Dünya tiyatrosunda “akım ve yönelim”lerin bir ihtiyaçtan doğduğuna ve “isimlerin” sonradan konulduğuna inanıyorum. “Akım ve yönelim”lerin tüm dünyada aynı şekilde ortaya çıkacağını, algılanacağını söylemek de zordur. Ülkemizde geçerli olan yöntem “taklit”tir. Bunun en belirgin son örneğini “in-yr-face”de yaşamaktayız. Farklı, değişik olanın ilgi görmesi, “moda”laşmaya yol açmakta ve her moda unsuru gibi dönemsel olup parlayıp, kaybolmaktadır. Bir dönemsel tepki olarak ortaya çıkmış “in-yr-face”in bizde gerekçeleri var iken toplumsal sorunlara değil şekle yönelik icrası; yöntemin üstünde yaşadığımız toprakların sorunlarına bakacak yerde tuhaf bir şekilde evrilerek biçimsel olarak tırmandırılması kaçırılmış bir fırsattır. Ülkemiz tiyatrosu bence “metafor tiyatrosu”dur ve içinde bulunduğu “ahval ve şerait”te herkes “dolaylı anlatım”larla tatmin  olmaktadır. Bu, öte yandan, ne dendiğini anlamayı ve anlatmayı güçleştirmekte; bazıları için gelecekte “demiştim”e yönelik mevzilerin hazırlanması anlamına gelmektedir. Tüm unsurları ile ülkemiz tiyatrosunun, arada bir parlayan zekâ pırıltılarına  rağmen, “taytay” durmaya çalıştığını da göz ardı etmemek lâzım. Tiyatro içinde bulunduğu siyasi, sosyal ve ekonomik koşullardan soyutlanamaz. Ancak, dünya tiyatrosuna bakarsak, o tiyatronun dönüm noktalarının sosyal hayatın, toplumsal direnişlerin, değişim arzularının estetik anlatım biçim-biçemlerinin bulunması ile ortaya çıktığını görmek gerekir. Ama daha da önemlisi akım ve yönelim yaratanlar, kendi toplumsal köklerini, yaptıkları işi iyi bilen, dünyayı doğru algılayabilen ve de ortaya koyma iradesi gösteren insanlar arasından çıkmıştır.
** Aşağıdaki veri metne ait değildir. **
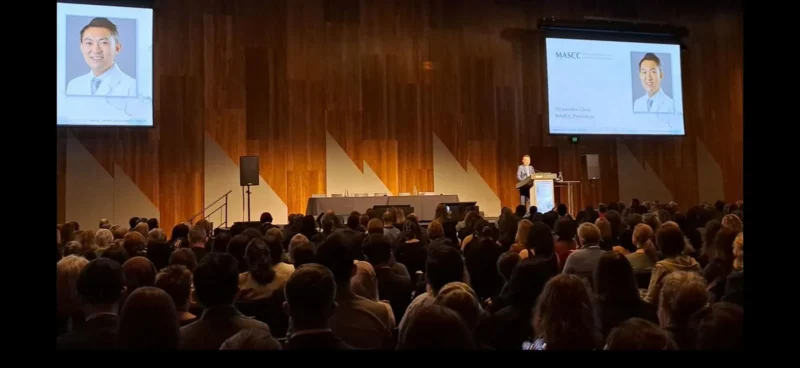 Alexandre Chan: The Success of MASCC 2026 in Melbourne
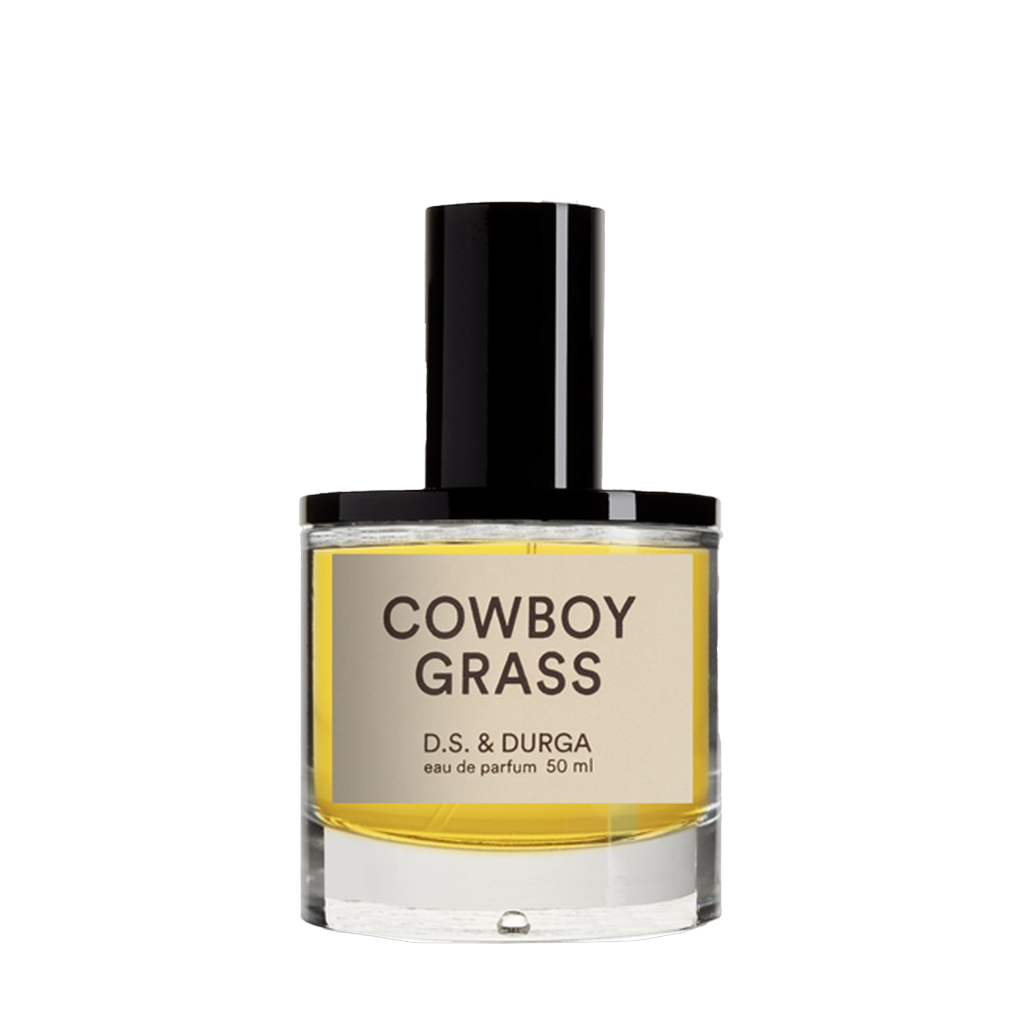D.S. & Durga COWBOY GRASS Eau de Parfum flakon freigestellt frontal scent amor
Bugün kimsenin kimseye söyleyecek çok da fazla sözü yoktur/vardır. (Fiil, “adamına göre” değişir.)  Dünyanın kazanı kaynamakta herkes kazanın dışında kalabilmenin hesaplarını yapmaktadır. Ama şu da kesindir ki BİR ŞEY “var”sa, kaybolmaz. Son tahlilde “tiyatro elinden geleni yapıyor mu?” sorusuna verilecek cevap, vicdanî bir mesele hâlindedir.  Tiyatronun “akım ve yönelim”lerine ismi, gelecek kuşaklar verecektir.